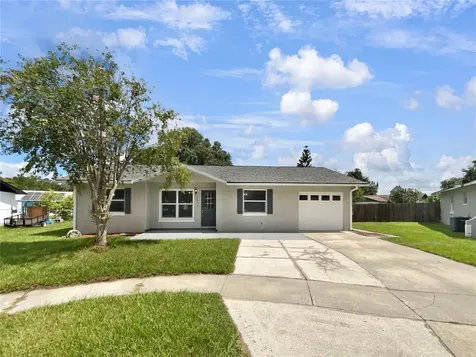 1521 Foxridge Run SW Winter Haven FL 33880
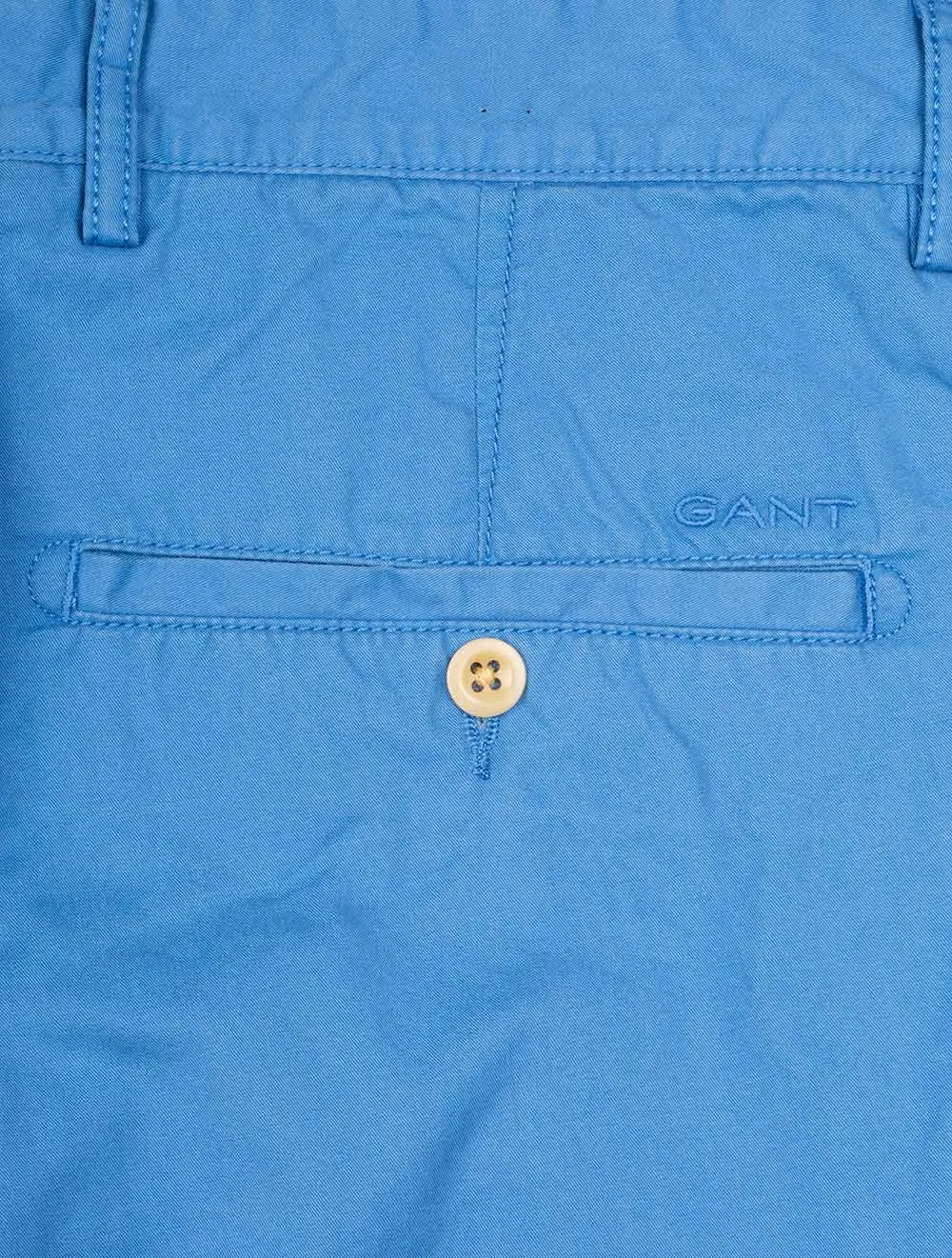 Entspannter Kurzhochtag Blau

...

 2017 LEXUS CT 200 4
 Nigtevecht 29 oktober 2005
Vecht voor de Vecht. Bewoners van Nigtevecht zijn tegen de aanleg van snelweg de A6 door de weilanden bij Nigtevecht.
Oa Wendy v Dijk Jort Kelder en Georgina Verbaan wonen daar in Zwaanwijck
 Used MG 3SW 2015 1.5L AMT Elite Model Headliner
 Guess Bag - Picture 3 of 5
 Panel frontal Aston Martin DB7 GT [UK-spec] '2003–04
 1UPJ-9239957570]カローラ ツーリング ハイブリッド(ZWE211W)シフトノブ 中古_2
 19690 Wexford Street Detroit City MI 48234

» WHAT IS EXPECTED: Would you please reproduce the entries above, starting at the line with "1521 Foxridge Run SW Winter Haven FL 33880" and stopping after the line with "Entspannter Kurzhochtag Blau"? Omit any pictures.

» RESPONSE TO THIS EXERCISE:
 1521 Foxridge Run SW Winter Haven FL 33880
 Entspannter Kurzhochtag Blau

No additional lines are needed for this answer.